**Raw data:**
↓↓↓
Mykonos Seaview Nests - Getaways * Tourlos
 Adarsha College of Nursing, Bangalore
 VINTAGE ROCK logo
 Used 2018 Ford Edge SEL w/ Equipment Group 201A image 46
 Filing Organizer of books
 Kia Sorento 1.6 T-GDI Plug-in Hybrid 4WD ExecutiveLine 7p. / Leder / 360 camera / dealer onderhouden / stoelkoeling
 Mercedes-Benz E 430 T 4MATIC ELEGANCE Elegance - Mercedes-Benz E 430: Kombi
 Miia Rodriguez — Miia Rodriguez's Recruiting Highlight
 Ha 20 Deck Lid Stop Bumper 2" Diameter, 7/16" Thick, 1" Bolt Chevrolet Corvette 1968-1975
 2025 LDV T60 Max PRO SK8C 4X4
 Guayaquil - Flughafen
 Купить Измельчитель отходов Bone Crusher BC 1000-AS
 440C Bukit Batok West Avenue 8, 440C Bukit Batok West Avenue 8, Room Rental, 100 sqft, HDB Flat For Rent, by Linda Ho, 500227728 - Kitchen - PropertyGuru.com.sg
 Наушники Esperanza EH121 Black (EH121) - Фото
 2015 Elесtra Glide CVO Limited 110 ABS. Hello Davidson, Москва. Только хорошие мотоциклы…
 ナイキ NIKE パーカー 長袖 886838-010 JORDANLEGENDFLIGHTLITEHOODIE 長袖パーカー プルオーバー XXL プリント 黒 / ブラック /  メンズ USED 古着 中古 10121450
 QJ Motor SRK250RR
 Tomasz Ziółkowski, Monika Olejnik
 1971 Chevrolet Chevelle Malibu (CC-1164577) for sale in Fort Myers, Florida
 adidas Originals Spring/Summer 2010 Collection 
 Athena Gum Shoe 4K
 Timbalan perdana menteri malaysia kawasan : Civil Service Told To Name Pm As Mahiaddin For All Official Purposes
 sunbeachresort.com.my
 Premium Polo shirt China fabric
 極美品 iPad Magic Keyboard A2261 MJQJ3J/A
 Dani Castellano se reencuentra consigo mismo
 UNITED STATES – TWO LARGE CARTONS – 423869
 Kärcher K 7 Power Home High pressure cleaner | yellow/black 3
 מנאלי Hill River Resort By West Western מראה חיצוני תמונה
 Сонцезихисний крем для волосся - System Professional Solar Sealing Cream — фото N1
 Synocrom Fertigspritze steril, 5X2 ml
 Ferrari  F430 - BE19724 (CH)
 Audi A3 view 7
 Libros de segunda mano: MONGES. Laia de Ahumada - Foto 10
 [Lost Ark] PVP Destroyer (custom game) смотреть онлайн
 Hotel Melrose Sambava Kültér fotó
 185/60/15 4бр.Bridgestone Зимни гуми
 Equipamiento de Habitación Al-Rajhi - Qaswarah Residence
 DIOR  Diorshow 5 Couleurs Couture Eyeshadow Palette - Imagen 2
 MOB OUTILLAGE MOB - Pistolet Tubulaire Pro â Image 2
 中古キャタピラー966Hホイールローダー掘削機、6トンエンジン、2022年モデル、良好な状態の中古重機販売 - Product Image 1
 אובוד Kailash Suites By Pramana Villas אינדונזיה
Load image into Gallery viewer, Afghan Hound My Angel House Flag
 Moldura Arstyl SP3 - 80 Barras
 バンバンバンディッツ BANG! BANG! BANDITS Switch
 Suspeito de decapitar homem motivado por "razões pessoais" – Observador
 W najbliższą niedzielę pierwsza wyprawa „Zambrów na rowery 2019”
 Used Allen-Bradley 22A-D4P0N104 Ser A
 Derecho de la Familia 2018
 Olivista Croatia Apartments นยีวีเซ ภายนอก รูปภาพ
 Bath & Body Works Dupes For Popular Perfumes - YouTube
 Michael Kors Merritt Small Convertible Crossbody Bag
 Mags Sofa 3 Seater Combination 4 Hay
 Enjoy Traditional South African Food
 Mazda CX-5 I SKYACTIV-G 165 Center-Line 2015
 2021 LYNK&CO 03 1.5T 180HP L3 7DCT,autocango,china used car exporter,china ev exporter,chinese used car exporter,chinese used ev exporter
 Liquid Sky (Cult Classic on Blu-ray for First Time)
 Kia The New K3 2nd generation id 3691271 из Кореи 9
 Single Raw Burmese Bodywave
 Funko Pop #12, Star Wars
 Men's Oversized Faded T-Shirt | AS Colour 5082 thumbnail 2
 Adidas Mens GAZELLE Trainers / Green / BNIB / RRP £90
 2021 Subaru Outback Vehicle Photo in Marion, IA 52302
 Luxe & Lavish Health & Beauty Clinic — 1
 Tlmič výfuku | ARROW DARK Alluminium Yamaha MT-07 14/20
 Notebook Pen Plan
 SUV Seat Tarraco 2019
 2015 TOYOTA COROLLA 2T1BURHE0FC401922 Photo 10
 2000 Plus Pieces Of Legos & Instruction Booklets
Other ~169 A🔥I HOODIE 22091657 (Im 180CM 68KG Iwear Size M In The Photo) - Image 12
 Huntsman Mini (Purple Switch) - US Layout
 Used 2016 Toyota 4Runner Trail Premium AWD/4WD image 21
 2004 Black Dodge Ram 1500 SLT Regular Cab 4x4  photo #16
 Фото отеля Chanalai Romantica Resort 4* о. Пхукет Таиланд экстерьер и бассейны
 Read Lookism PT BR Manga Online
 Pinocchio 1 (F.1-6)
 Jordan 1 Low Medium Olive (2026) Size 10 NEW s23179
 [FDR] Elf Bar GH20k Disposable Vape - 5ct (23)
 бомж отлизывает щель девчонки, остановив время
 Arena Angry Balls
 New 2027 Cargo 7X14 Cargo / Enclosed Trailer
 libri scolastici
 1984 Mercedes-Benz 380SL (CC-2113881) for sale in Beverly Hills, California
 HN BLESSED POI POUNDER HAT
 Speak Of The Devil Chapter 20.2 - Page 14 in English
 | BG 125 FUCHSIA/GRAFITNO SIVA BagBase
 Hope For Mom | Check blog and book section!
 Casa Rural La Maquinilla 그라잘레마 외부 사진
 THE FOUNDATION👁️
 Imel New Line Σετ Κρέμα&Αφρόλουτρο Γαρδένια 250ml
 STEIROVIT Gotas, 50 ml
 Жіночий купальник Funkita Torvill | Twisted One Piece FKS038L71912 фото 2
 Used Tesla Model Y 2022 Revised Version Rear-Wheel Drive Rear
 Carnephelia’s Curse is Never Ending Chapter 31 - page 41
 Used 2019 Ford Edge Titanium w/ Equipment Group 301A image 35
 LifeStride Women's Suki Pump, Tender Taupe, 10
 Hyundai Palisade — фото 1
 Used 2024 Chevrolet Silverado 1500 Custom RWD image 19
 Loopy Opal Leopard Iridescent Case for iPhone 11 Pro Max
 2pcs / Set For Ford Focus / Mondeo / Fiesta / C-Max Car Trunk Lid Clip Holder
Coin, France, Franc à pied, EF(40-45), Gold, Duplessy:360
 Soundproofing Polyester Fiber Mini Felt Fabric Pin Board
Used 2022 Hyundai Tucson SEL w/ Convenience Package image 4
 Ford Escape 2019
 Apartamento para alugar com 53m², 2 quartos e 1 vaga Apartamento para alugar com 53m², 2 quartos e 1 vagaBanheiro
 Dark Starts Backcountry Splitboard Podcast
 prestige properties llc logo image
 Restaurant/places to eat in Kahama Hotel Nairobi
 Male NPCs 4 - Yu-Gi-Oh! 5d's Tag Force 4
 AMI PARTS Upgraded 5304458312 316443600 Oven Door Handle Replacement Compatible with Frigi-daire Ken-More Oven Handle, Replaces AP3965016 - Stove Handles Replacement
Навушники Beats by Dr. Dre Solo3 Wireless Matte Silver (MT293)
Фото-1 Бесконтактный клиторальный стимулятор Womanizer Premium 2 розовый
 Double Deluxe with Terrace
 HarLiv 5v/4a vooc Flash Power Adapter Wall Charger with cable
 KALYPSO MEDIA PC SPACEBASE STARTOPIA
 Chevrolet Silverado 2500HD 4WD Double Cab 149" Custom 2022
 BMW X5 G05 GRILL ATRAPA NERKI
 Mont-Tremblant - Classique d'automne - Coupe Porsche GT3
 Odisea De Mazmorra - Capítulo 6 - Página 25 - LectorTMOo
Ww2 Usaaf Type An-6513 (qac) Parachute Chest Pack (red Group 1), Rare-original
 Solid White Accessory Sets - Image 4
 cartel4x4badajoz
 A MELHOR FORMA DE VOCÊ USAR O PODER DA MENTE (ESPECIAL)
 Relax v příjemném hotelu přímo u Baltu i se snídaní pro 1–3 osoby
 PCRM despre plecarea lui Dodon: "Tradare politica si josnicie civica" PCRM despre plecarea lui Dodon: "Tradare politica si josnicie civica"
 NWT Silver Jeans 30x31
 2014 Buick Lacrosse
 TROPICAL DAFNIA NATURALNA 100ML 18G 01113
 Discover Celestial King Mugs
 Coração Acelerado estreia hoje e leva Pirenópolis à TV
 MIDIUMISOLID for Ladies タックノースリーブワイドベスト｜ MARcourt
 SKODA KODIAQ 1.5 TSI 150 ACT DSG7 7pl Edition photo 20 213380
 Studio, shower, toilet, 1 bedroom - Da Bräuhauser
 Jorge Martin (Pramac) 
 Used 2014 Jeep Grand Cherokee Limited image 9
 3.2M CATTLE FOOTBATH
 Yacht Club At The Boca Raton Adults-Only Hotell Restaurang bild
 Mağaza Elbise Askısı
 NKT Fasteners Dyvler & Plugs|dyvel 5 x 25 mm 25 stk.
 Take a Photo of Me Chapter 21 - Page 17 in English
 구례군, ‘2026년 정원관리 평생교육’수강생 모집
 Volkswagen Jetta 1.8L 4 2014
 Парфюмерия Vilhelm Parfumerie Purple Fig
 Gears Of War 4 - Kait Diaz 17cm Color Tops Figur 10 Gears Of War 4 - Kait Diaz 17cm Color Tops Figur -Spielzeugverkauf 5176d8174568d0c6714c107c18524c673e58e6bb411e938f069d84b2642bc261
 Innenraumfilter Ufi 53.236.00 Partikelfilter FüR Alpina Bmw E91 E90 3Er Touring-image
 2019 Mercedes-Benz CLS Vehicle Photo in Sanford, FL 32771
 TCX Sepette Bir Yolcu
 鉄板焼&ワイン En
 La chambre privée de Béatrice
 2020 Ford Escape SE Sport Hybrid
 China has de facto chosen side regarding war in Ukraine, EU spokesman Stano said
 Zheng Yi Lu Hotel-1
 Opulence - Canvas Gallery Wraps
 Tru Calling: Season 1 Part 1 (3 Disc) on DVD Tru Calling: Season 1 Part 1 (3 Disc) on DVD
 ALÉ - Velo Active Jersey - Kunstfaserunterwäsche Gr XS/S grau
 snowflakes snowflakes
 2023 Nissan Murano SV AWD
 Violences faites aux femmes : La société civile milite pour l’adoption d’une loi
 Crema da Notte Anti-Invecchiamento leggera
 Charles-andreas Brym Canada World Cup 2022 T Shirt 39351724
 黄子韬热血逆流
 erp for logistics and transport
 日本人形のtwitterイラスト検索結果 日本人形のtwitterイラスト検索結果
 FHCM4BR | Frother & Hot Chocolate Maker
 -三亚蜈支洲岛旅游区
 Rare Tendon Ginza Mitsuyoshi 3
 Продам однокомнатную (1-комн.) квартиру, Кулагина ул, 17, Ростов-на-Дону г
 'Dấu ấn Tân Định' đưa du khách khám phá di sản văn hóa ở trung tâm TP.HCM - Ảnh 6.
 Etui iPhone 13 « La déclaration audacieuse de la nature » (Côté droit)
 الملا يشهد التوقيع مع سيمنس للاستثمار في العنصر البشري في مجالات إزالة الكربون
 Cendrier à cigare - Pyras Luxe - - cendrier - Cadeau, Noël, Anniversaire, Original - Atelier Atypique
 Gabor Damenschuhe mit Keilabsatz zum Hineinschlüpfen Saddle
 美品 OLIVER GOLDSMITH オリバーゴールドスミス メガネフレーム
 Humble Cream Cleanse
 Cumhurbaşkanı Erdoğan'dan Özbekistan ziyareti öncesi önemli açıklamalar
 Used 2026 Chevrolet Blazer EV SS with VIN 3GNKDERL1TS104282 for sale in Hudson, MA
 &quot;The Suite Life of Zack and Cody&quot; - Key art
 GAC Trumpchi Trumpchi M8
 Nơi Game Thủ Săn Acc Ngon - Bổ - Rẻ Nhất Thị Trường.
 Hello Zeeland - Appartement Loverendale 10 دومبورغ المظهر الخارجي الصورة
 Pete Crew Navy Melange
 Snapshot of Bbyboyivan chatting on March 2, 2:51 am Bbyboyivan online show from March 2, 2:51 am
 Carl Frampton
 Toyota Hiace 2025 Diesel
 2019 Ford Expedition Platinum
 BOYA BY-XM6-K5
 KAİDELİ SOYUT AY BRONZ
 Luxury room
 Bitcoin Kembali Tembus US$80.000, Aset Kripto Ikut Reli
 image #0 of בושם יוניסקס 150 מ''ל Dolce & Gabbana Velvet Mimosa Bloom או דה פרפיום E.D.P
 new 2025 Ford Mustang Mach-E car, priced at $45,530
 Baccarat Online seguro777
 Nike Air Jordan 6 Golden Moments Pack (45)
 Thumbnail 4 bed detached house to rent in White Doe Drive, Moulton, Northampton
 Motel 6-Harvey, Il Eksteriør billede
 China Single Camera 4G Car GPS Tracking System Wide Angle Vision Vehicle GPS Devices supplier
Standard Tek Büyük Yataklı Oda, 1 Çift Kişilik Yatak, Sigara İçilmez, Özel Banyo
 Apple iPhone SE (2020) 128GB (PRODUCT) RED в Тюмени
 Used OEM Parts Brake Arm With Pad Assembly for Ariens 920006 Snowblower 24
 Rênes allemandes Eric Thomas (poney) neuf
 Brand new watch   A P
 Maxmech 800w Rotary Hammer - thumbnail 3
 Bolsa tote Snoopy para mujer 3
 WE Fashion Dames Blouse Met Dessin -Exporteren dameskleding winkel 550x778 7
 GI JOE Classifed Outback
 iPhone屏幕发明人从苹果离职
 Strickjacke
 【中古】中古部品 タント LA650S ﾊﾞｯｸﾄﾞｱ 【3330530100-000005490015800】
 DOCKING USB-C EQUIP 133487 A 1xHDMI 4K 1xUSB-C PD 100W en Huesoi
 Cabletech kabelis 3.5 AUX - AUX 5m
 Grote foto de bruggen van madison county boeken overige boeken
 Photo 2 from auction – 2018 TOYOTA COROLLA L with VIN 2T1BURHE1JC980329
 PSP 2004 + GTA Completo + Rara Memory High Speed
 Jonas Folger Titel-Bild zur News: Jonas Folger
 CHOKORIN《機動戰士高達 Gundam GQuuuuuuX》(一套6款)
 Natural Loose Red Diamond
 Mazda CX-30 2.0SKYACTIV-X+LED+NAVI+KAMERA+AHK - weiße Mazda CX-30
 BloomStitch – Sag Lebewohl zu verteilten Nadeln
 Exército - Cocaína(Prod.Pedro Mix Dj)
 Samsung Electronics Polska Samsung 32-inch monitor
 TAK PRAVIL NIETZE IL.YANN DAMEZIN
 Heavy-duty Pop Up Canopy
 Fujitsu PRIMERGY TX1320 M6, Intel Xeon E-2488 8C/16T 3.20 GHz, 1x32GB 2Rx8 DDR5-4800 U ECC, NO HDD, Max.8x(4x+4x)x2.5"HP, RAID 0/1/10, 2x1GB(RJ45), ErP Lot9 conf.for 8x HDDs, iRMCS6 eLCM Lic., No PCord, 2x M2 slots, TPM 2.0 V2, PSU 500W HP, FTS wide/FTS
↑↑↑
**Work to complete:** Give back the opening line of the records above and every line after it, up to and including the one with "Купить Измельчитель отходов", unchanged.

**Answer to this problem:**
Mykonos Seaview Nests - Getaways * Tourlos
 Adarsha College of Nursing, Bangalore
 VINTAGE ROCK logo
 Used 2018 Ford Edge SEL w/ Equipment Group 201A image 46
 Filing Organizer of books
 Kia Sorento 1.6 T-GDI Plug-in Hybrid 4WD ExecutiveLine 7p. / Leder / 360 camera / dealer onderhouden / stoelkoeling
 Mercedes-Benz E 430 T 4MATIC ELEGANCE Elegance - Mercedes-Benz E 430: Kombi
 Miia Rodriguez — Miia Rodriguez's Recruiting Highlight
 Ha 20 Deck Lid Stop Bumper 2" Diameter, 7/16" Thick, 1" Bolt Chevrolet Corvette 1968-1975
 2025 LDV T60 Max PRO SK8C 4X4
 Guayaquil - Flughafen
 Купить Измельчитель отходов Bone Crusher BC 1000-AS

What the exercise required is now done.